How can Tensorflow be used to load the Illiad dataset using Python?

PythonServer Side ProgrammingProgramming

Tensorflow is a machine learning framework that is provided by Google. It is an open-source framework used in conjunction with Python to implement algorithms, deep learning applications, and much more. It is used in research and for production purposes.

Tensor is a data structure used in TensorFlow. It helps connect edges in a flow diagram. This flow diagram is known as the ‘Data flow graph’. Tensors are nothing but a multidimensional array or a list.

They can be identified using three main attributes −

  • Rank − It tells about the dimensionality of the tensor. It can be understood as the order of the tensor or the number of dimensions in the tensor that has been defined.

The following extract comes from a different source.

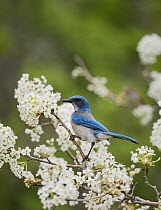 Western Scrub-Jay (Aphelocoma californica), adult perched on blooming Mexican Plum (Prunus mexicana, Hill Country, Texas, USA. March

  • Type − It tells about the data type associated with the elements of the Tensor. It can be a one dimensional, two dimensional or n-dimensional tensor.

  • Shape − It is the number of rows and columns together.

We will be using the Illiad’s dataset, which contains text data of three translation works from William Cowper, Edward (Earl of Derby) and Samuel Butler. The model is trained to identify the translator when a single line of text is given. The text files used have been preprocessing. This includes removing the document header and footer, line numbers and chapter titles.

We are using Google Colaboratory to run the below code. Google Colab or Colaboratory helps run Python code over the browser and requires zero configuration and free access to GPUs (Graphical Processing Units). Colaboratory has been built on top of Jupyter Notebook.

Example

Following is the code snippet −

def labeler(example, index):
   return example, tf.cast(index, tf.int64)
print(“An empty list has been created”)
labeled_data_sets = []
print(“Iterate through the file names and create a dataset from text file using ‘TextLineDataset’
method”)
for i, file_name in enumerate(FILE_NAMES):
   lines_dataset = tf.data.TextLineDataset(str(parent_dir/file_name))
   labeled_dataset = lines_dataset.map(lambda ex: labeler(ex, i))
   labeled_data_sets.append(labeled_dataset)

Code credit − https://www.tensorflow.org/tutorials/load_data/text

Output

An empty list has been created
Iterate through the file names and create a dataset from text file using ‘TextLineDataset’ method

Explanation

  • The ‘TextLineDataset’ is used, which creates a tf.data.A dataset from a text file.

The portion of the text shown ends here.